In addition to the variables already described above for Equation 2, here \( {\mathtt{\beta}}_{\mathsf{2}} \) and \( {\mathtt{\beta}}_{\mathsf{3}} \) are the regression coefficients (quadratic and cubic, respectively) on marker distance. Although the log10 transformation of physical distances to linearize the relationship between LD and the log-transformed distances, we decided to fit these higher order coefficients to consider possible deviations of the expected linearity and interaction with breed and chromosome effects ( 1i ,  2i ,  3i ,  1j ,  2j ,  3j , cbβ 1ij , cbβ 2ij  and cbβ 3ij  terms).
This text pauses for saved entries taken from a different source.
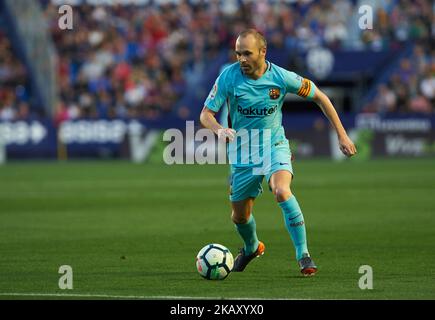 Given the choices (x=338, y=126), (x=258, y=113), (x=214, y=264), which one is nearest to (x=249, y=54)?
(x=258, y=113)

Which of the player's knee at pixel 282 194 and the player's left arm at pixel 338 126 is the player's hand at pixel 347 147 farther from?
the player's knee at pixel 282 194

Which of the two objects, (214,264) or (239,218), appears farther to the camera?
(239,218)

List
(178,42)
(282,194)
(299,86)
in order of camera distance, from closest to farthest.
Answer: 1. (282,194)
2. (299,86)
3. (178,42)

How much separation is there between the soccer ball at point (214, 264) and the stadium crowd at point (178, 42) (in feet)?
84.6

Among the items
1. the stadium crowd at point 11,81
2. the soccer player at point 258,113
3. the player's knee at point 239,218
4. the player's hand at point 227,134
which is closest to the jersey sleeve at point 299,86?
the soccer player at point 258,113

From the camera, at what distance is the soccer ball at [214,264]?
34.9 ft

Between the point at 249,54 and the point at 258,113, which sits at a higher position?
the point at 249,54

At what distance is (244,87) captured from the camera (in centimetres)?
1108

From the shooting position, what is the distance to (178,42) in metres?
39.7

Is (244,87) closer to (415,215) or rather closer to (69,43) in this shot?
(415,215)

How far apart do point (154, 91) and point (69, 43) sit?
12.7 feet

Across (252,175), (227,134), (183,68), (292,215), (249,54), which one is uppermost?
(183,68)

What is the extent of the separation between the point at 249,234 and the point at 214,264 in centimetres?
95

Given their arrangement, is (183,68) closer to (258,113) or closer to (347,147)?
(258,113) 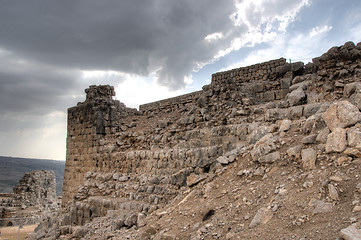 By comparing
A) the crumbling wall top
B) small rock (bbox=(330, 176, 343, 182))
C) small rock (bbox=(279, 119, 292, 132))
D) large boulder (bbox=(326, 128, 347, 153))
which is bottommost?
small rock (bbox=(330, 176, 343, 182))

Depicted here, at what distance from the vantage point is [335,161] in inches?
148

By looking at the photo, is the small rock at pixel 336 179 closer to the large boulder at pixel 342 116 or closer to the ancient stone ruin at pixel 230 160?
the ancient stone ruin at pixel 230 160

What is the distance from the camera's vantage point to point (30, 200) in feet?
68.9

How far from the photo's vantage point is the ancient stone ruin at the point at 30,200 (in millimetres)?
19250

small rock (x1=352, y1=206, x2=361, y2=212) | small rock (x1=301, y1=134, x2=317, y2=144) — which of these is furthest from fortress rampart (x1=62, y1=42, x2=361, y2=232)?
small rock (x1=352, y1=206, x2=361, y2=212)

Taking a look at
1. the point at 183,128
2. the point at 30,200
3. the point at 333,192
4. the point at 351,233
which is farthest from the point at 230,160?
the point at 30,200

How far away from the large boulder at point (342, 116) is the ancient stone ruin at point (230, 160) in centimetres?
2

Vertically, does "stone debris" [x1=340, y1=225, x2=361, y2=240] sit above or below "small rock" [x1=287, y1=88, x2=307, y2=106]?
below

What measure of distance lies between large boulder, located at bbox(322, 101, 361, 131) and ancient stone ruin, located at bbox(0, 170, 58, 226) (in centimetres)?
2036

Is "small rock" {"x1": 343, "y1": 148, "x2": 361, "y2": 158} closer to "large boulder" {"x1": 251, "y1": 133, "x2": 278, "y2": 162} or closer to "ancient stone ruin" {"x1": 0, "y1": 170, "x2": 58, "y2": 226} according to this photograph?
"large boulder" {"x1": 251, "y1": 133, "x2": 278, "y2": 162}

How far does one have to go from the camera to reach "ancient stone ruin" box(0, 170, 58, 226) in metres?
19.2

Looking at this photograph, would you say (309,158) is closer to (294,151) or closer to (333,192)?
(294,151)

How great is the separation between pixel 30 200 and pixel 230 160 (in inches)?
803

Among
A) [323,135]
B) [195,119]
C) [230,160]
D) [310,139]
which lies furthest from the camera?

The physical distances of interest to predict r 2 using Equation 3 were related to the average inter marker distance values observed in some commercial panels available for cattle genomic selection. The density of the considered panels was 150K (GeneSeek Genomic Profiler HD-150K), 80K (GeneSeek Genomic Profiler HD-80K), 50K (Illumina BovineSNP50v2 BeadChip), 20K (GeneSeek Genomic Profiler LD v2), 8K (Illumina BovineLD v.2 BeadChip) and 3K (Illumina Bovine3k BeadChip). Assuming a bovine genome size of 3.000 Mb [29], the target distance values were calculated dividing the genome length in Mb by the number of markers in each panel. As example, for the 150K panel, we divided 3.000 Mb by 150.000 markers and obtained an average inter marker distance (dk) of 20 Kb. Accordingly, chromosome by breed predicted r 2 values were obtained from estimated parameters of Equation 3 at physical inter marker distances of 20, 38, 60, 150, 375 and 1000Kb. All analysis was performed using R package [23].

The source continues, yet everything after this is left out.